He began as part of a TEFS railway enthusiasts
group travelling from Bombay to Darjeeling, which he felt could
have made a film in itself! However, a journey across Northern India
had been the subject of earlier TV films so, having met all the
extraordinarily helpful people at the Railway Bhavan (Headquarters)
in Delhi, Ian McNulty set off, as the Indians themselves say, in
search of Paradise - going south.
But first he had to get a birth on the train out
of Bombay. It seemed there was a queue for everything except for
what he wanted. After standing in the wrong lines for three and
a half hours and having had his travellers cheques declared unacceptable,
he adopted a new tack. He sat on the desk of a supervisor
amid the usual multitude of papers and refused |
to
get up until matters were sorted out!
During his independent wanderings in search of
material for the film, Ian discovered a modern Hindu temple with
an immaculate train mounted in the middle of it!
The pilgrimage is at the centre of the Hindu religion
and the people here felt that as a modern pilgrimage is normally
by train it should feature in their temple.

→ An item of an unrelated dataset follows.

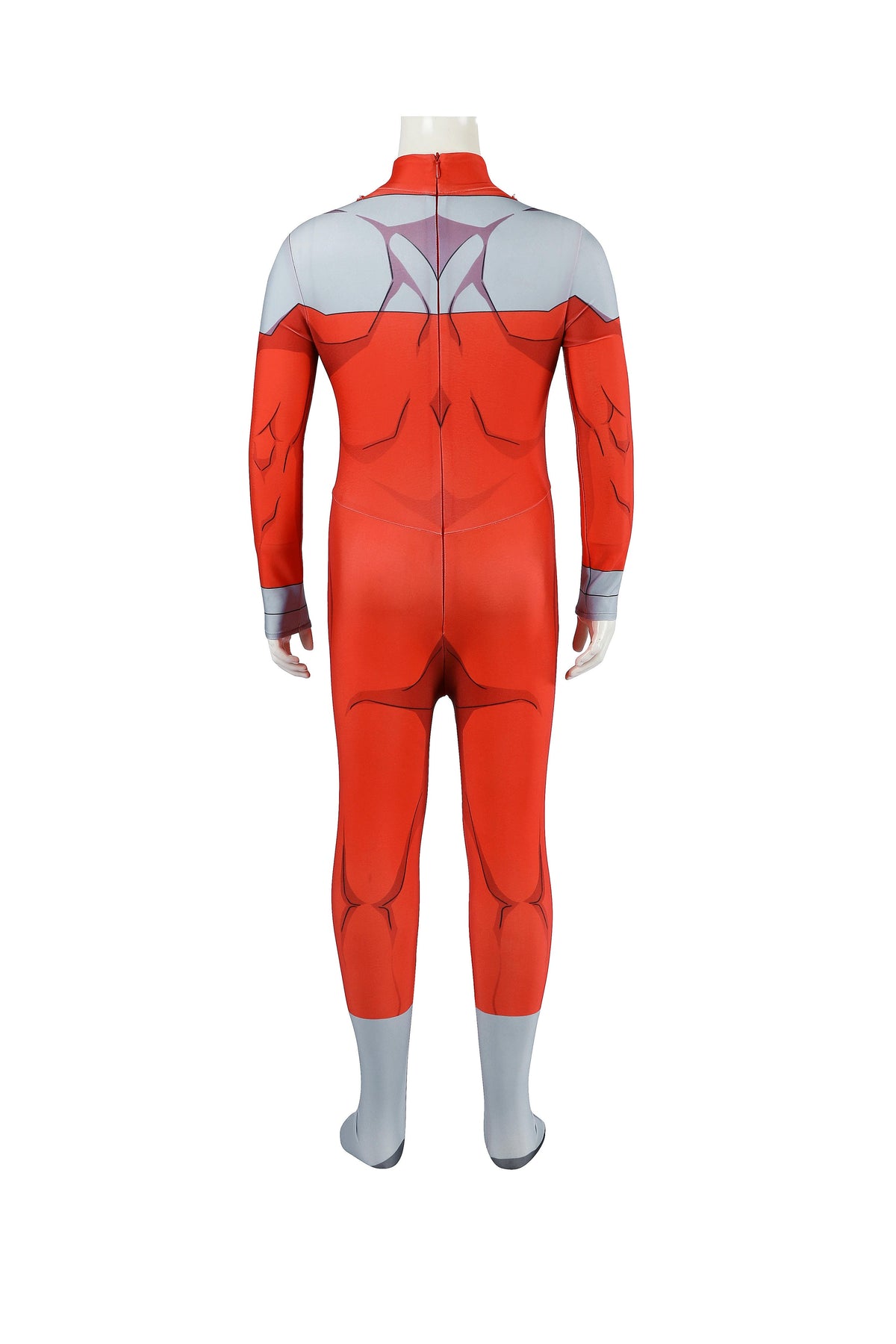 Kids Invincible Thragg Cosplay Costume | DC Outfit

On leaving the temple with thousands of other
pilgrims the was so crowded that Ian had to take to the roof with
hundreds of other travellers.
As night fell, there was one BBC Researcher with
smuts in his hair from a centaurian steam locomotive built in Glasgow,
heading further and further into the unknown. This is hardly the
image one has of refined BBC behaviour!
Naturally, the train broke down and during the
four hours that the crew spent repairing it, the whole 'train community'
descended on the local tea vendors stall.